Using the data below, set down every line from the one containing "Easy Agile User" through the one containing "That simplifies to", inclusive and unchanged. Pictures are to be skipped.

Extracted data entries
────────────────────────────────────────
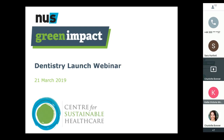I'm at NUS, the National Union of Students, and I'm here today to coordinate the webinar and our speakers, which marks the launch of a new green impact program for dentistry.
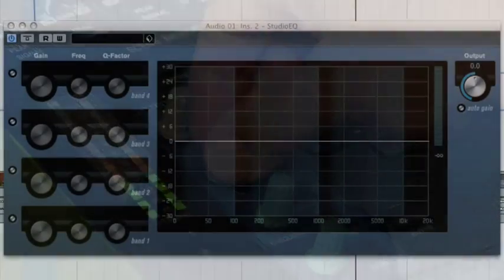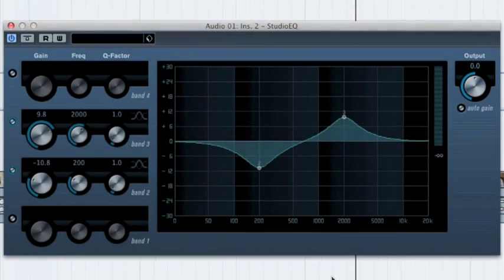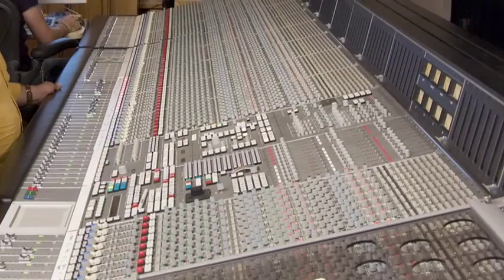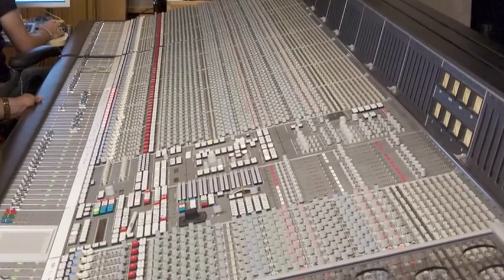But often, distortion and a modified frequency response is desirable. That's where audio processing comes into play.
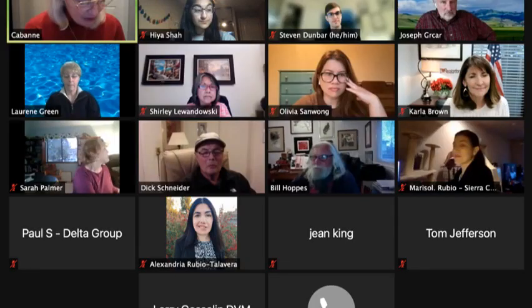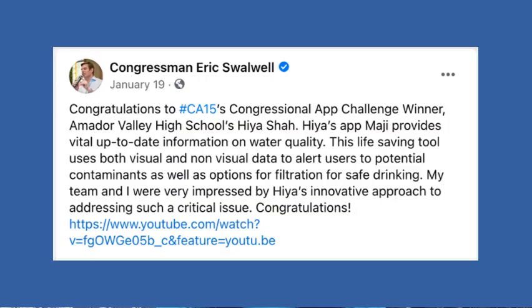Local water policy experts were also interviewed to receive feedback for the app's features. Interviewees included the Zone 7 Board President, the City of Pleasanton Mayor, Representative Eric Swabo, and the Go Green Initiative CEO. In addition, this app was pitched to several competitions for grant awards and science fairs.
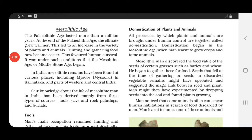Now talking about domestication of plants and animals in the Mesolithic age — domestication is the process in which plants and animals are brought under human control. This domestication began in the Mesolithic age, or Middle Stone Age, when man learnt to grow crops and tame animals.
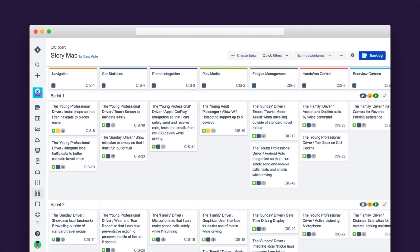Easy Agile User Story Maps for JIRA eliminates the pain points of physical story mapping sessions by providing a fluid and native digital solution for JIRA. Let's dive in and take a look.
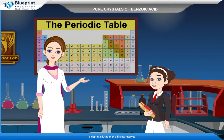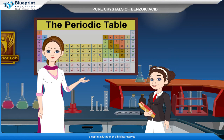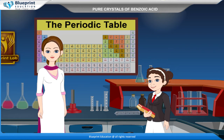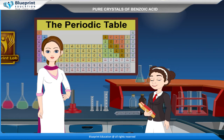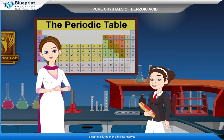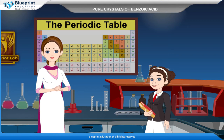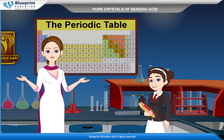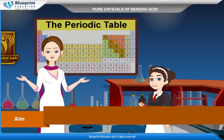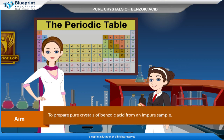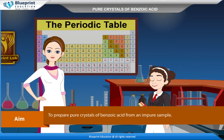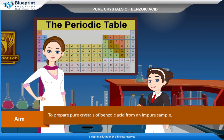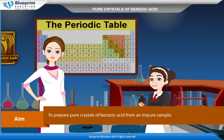C6H5COOH, or benzoic acid. Our aim here is to prepare pure crystals of benzoic acid from an impure sample.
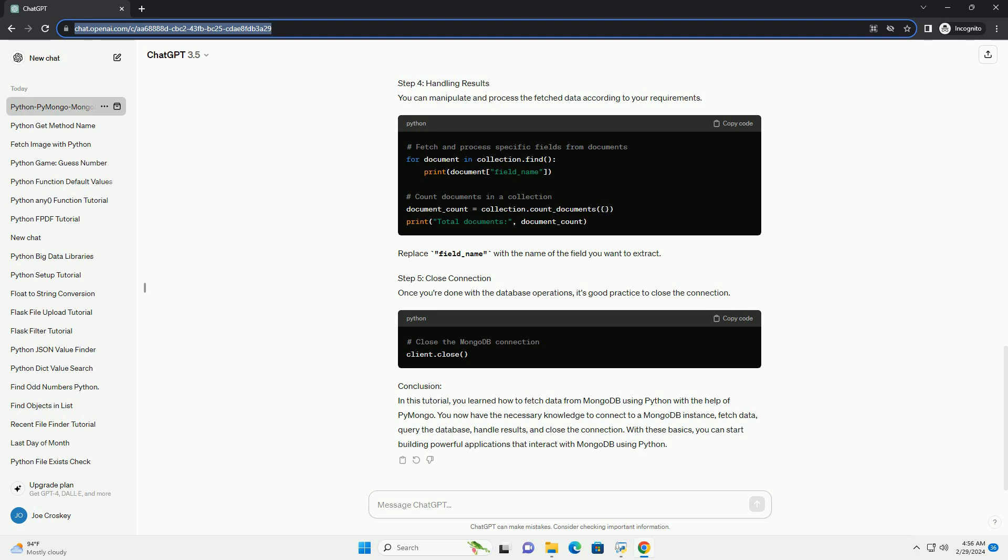Conclusion: In this tutorial, you learned how to fetch data from MongoDB using Python with the help of PyMongo. You now have the necessary knowledge to connect to a MongoDB instance, fetch data, query the database, handle results, and close the connection. With these basics, you can start building powerful applications that interact with MongoDB using Python.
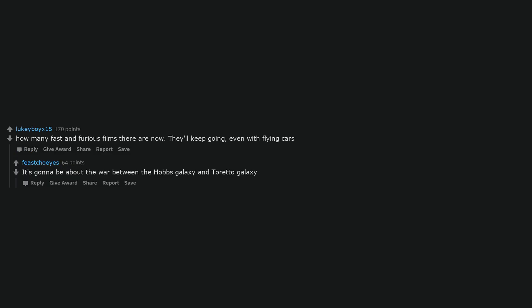How many Fast and Furious films there are now? They'll keep going, even with flying cars. It's gonna be about the war between the Hobbs Galaxy and Toretto Galaxy.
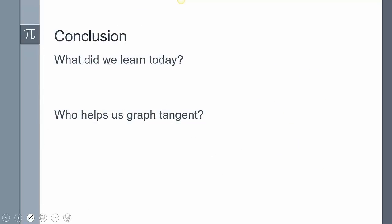So what did we learn today? We talked about tangent and how to graph a tangent graph. Remember that the period for tangent is naturally pi, so we put the values inside the function between 0 and pi, not 2 pi. And who helps us graph tangent? Dad — dot, asymptote, dot. This concludes our lesson; please leave any questions in the comments.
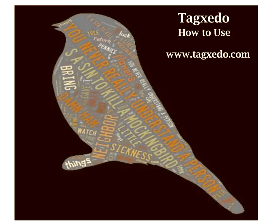And so once again, it's tagxedo.com. Check it out. Play with it. You have a lot of options in there you can customize. I just showed you the very basics.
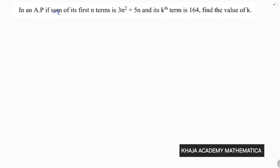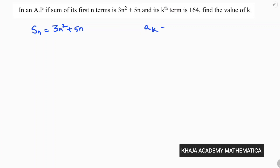In an arithmetic progression, if the sum of its first n terms Sn is 3n squared plus 5n, and its kth term ak is 164, we need to find k.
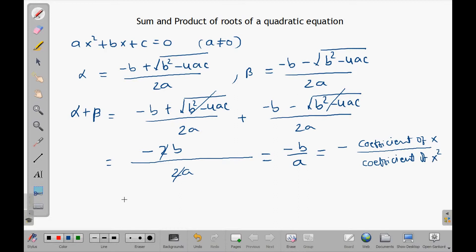That simplifies to negative b over a, which is the negative coefficient of x divided by the coefficient of x squared. So the sum of the roots of the quadratic equation is negative b over a.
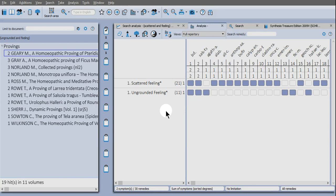And this is a useful way to supplement a conventional repertorization and will help you to find remedies that have not yet been added to the repertory. Thank you very much and see you soon.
────────────────────────────────────────
▶ _SOLUTION FOR THIS PROBLEM_
Easy Agile User Story Maps for JIRA eliminates the pain points of physical story mapping sessions by providing a fluid and native digital solution for JIRA. Let's dive in and take a look.
C6H5COOH, or benzoic acid. Our aim here is to prepare pure crystals of benzoic acid from an impure sample.
Conclusion: In this tutorial, you learned how to fetch data from MongoDB using Python with the help of PyMongo. You now have the necessary knowledge to connect to a MongoDB instance, fetch data, query the database, handle results, and close the connection. With these basics, you can start building powerful applications that interact with MongoDB using Python.
How many Fast and Furious films there are now? They'll keep going, even with flying cars. It's gonna be about the war between the Hobbs Galaxy and Toretto Galaxy.
So what did we learn today? We talked about tangent and how to graph a tangent graph. Remember that the period for tangent is naturally pi, so we put the values inside the function between 0 and pi, not 2 pi. And who helps us graph tangent? Dad — dot, asymptote, dot. This concludes our lesson; please leave any questions in the comments.
And so once again, it's tagxedo.com. Check it out. Play with it. You have a lot of options in there you can customize. I just showed you the very basics.
In an arithmetic progression, if the sum of its first n terms Sn is 3n squared plus 5n, and its kth term ak is 164, we need to find k.
That simplifies to negative b over a, which is the negative coefficient of x divided by the coefficient of x squared. So the sum of the roots of the quadratic equation is negative b over a.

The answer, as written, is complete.